▶ DATA IN THIS EXERCISE:
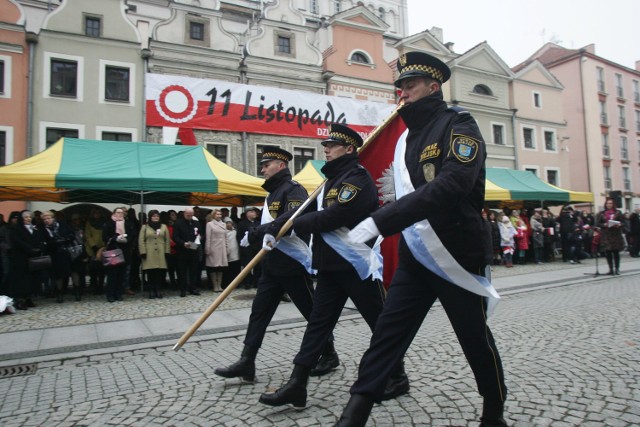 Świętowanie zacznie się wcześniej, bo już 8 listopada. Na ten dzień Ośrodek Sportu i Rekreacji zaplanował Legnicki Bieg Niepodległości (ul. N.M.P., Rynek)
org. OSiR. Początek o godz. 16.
--
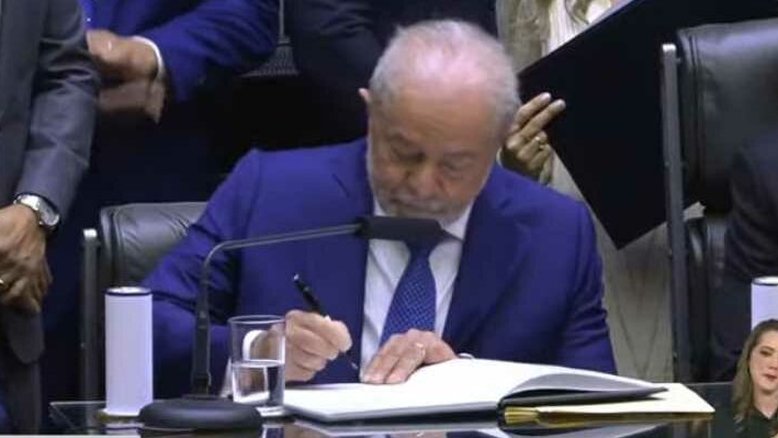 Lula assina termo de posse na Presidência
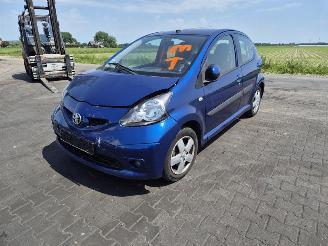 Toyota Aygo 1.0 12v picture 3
--
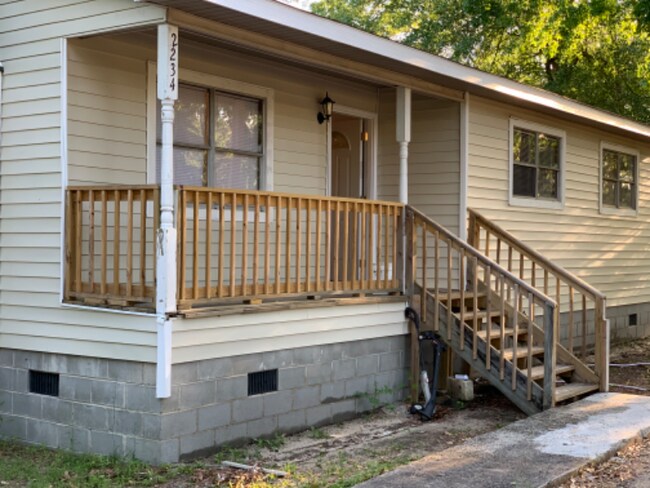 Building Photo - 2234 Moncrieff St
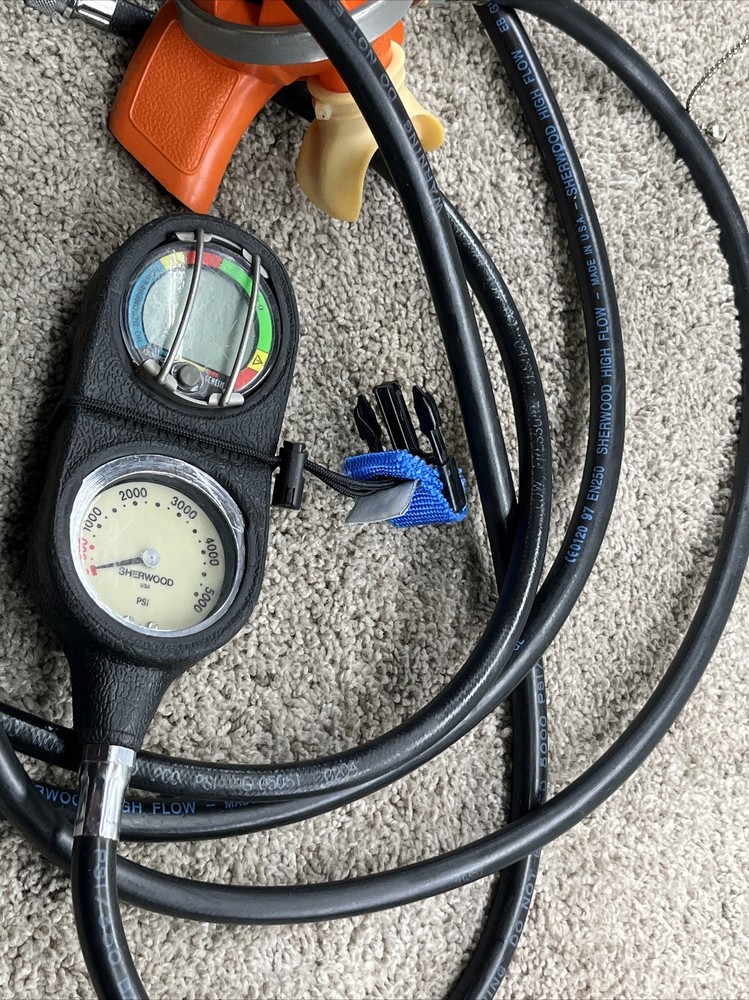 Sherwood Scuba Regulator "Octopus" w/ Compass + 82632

▶ EXERCISE DETAILS: Start with the line above containing "Świętowanie zacznie się" and end with the line containing "org. OSiR. Początek o godz. 16.". Set down that stretch exactly, without any pictures.

▶ SOLUTION TO THE PROBLEM:
 Świętowanie zacznie się wcześniej, bo już 8 listopada. Na ten dzień Ośrodek Sportu i Rekreacji zaplanował Legnicki Bieg Niepodległości (ul. N.M.P., Rynek)
org. OSiR. Początek o godz. 16.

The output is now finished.